**What this task involves**
In the listing below, find the line that contains "mínimos aceptables), no" and the line that contains "Multimodale Bindungstherapie (eBook, ePUB)". Quote both and every line between them, exactly, and nothing more.

**Study material**
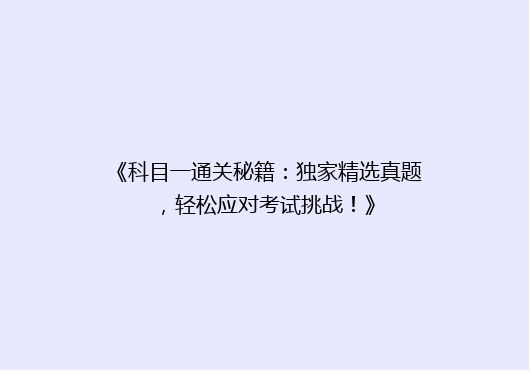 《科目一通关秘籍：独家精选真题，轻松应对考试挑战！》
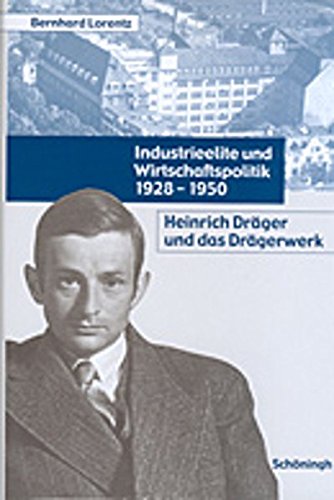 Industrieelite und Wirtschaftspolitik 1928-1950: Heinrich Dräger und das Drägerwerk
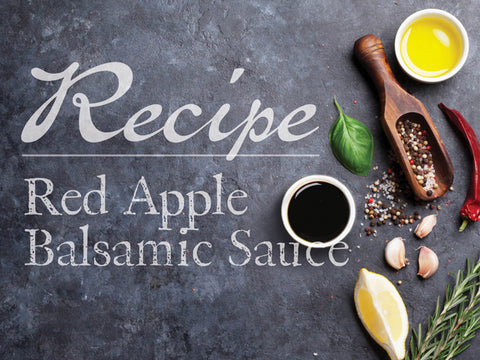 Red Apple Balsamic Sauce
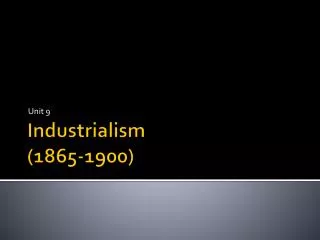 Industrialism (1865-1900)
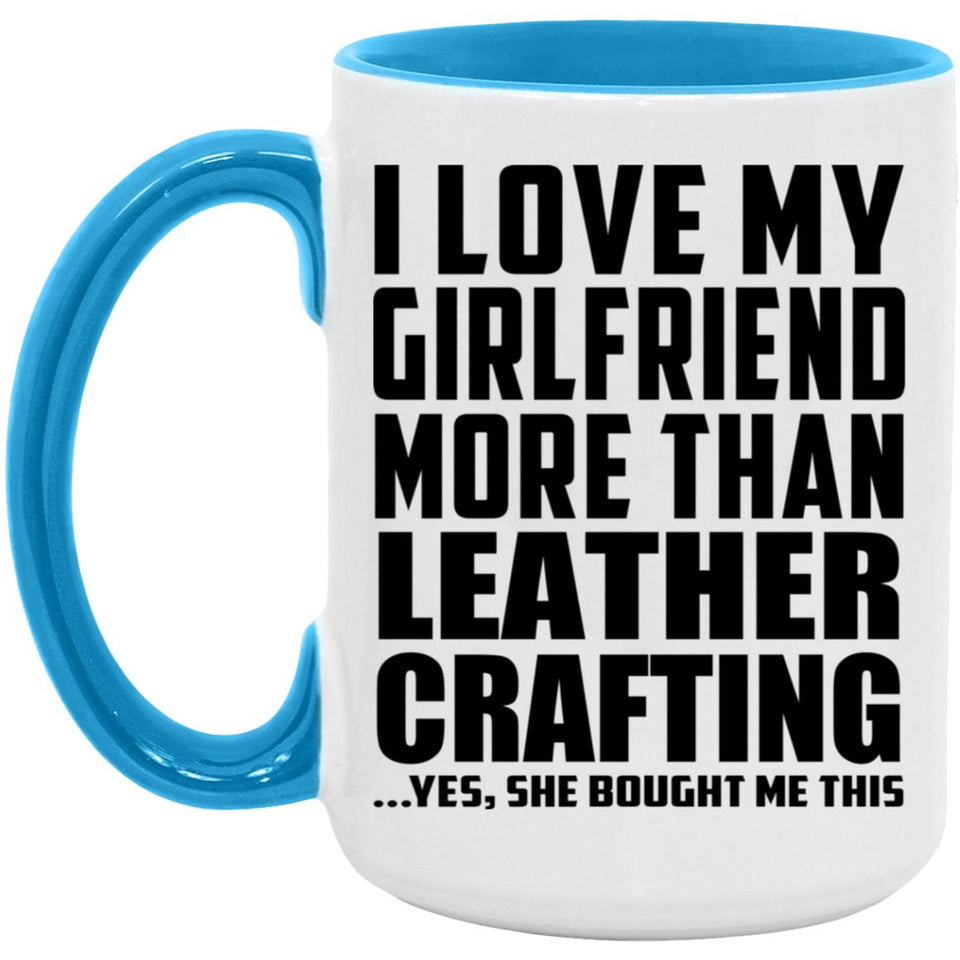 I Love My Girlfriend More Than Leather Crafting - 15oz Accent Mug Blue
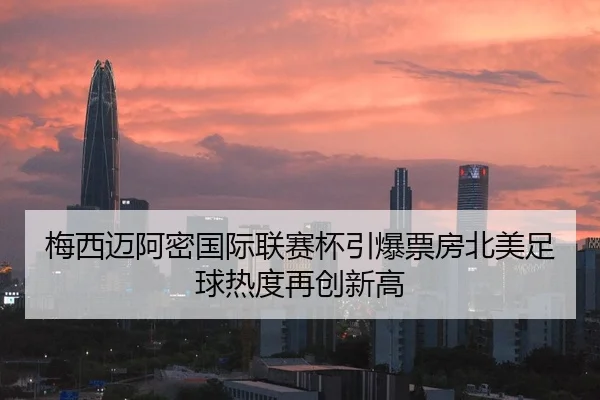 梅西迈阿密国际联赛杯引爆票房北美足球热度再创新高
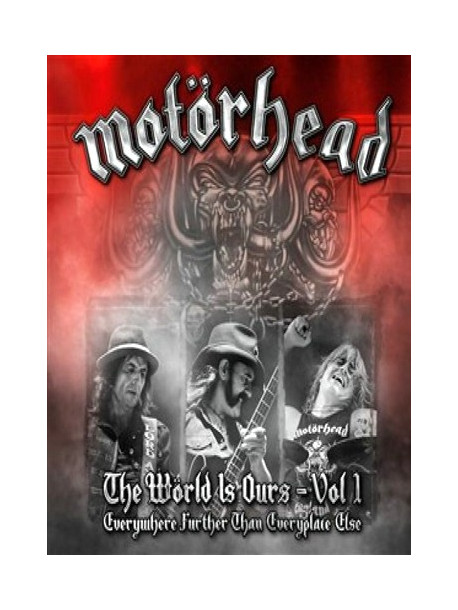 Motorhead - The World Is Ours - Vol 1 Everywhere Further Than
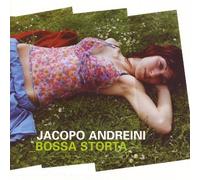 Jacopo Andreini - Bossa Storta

...

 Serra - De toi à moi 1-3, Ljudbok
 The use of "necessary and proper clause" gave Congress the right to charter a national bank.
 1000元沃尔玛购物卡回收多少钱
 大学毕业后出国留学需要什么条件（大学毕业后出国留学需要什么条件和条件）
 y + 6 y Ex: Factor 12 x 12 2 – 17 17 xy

==

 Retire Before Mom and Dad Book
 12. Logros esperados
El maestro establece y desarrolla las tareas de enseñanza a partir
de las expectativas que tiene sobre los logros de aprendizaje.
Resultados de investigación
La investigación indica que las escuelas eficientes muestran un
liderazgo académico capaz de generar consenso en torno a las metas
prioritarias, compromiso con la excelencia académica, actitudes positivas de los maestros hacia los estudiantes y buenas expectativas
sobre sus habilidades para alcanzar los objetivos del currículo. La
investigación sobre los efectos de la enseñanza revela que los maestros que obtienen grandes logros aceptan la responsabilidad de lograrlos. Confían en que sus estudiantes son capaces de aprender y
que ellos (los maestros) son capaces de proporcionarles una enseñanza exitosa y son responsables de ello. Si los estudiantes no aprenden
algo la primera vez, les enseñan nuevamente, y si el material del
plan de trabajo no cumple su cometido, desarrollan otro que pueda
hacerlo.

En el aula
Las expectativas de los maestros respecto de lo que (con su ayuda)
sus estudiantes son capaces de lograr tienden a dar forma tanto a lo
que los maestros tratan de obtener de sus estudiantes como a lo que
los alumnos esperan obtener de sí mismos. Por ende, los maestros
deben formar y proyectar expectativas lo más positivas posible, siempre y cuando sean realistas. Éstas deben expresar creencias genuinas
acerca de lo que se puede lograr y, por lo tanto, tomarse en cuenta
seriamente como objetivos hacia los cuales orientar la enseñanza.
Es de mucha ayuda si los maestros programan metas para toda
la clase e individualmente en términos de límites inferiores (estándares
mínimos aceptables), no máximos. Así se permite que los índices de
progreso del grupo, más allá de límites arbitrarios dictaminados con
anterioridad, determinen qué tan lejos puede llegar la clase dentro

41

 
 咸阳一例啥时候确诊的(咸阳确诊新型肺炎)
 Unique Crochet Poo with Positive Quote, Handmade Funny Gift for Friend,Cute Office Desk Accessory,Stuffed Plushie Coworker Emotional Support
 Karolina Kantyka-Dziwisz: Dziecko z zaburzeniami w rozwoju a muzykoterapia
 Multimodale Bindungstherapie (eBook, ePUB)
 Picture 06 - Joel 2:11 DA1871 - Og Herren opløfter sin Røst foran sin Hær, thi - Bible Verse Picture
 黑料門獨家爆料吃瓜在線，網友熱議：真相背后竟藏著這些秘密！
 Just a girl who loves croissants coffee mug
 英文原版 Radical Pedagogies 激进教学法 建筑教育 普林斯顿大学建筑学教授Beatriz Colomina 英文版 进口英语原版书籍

**Exercise result**
mínimos aceptables), no máximos. Así se permite que los índices de
progreso del grupo, más allá de límites arbitrarios dictaminados con
anterioridad, determinen qué tan lejos puede llegar la clase dentro

41

 
 咸阳一例啥时候确诊的(咸阳确诊新型肺炎)
 Unique Crochet Poo with Positive Quote, Handmade Funny Gift for Friend,Cute Office Desk Accessory,Stuffed Plushie Coworker Emotional Support
 Karolina Kantyka-Dziwisz: Dziecko z zaburzeniami w rozwoju a muzykoterapia
 Multimodale Bindungstherapie (eBook, ePUB)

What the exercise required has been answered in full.